In this post, I want to go a little deeper into one important type of license: those that require sharing of modifications under certain conditions, often called “copyleft” or “reciprocal” licenses. Examples include the well-known GNU General Public License and a spectrum of others, including the “network” Affero GPL (whose conditions may be triggered by use in services) and a variety of “weak” copylefts like the Eclipse and Mozilla licenses (whose conditions generally require sharing of fewer classes of changes).
There is no one measurement of the “state” of copyleft
I’m a copyleft fan. I’ve led the drafting of one major copyleft license, actively participated in the drafting of at least four others, and given passing comments to more. So I think it is important to understand how copyleft is (or isn’t!) being used. If it is widely used, great; if not, supporters of copyleft should try to understand why that is, and react appropriately.
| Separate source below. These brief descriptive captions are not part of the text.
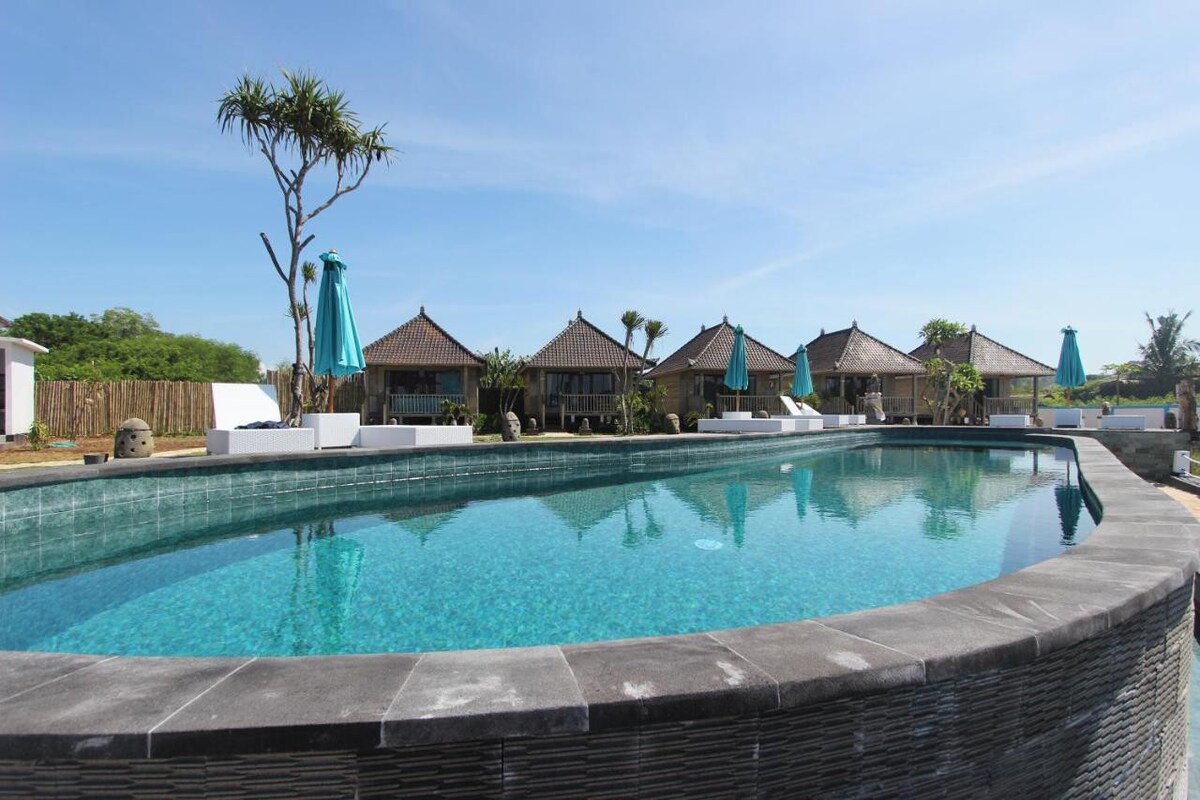 Nusa Lembongan 8 Room Breakfast Pool Beachfront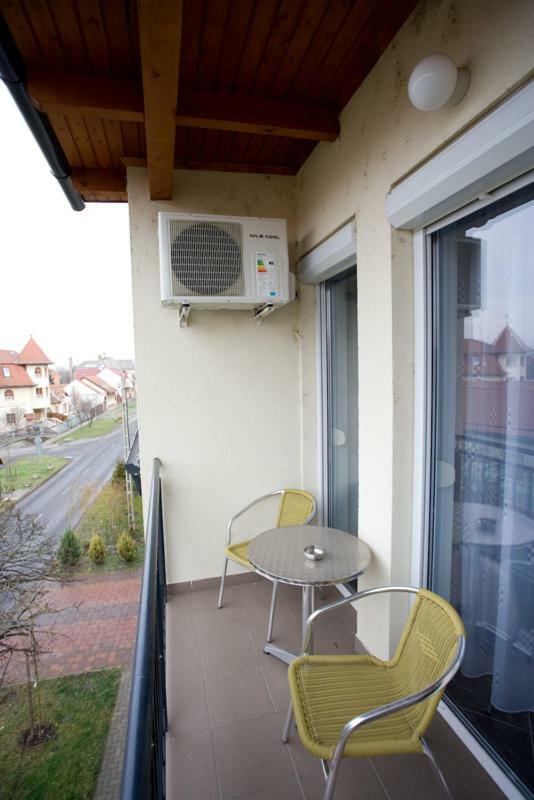 Bettina47 Apartman Hajdúszoboszló Exterior foto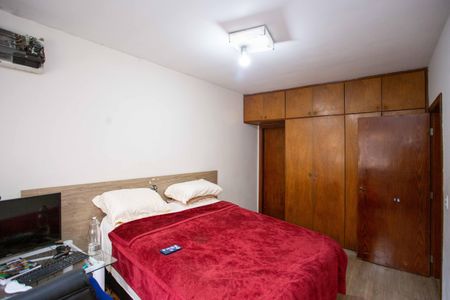 Casa à venda com 363m², 3 quartos e 3 vagasSuite 1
Unfortunately, there is no “one metric to rule them all” for the state of copyleft. In this post, I’ll use the libraries.io database to give a picture that combines both a per-project view (how many projects in total use a given type of license) with a per-repository view (how different language/technology families adopt different types of licenses).
By looking at both overall project counts as well as package managers, we aspire to meaningfully include ecosystems that may be smaller but still important in various ways, while avoiding a bias towards languages and ecosystems that encourage very small packages.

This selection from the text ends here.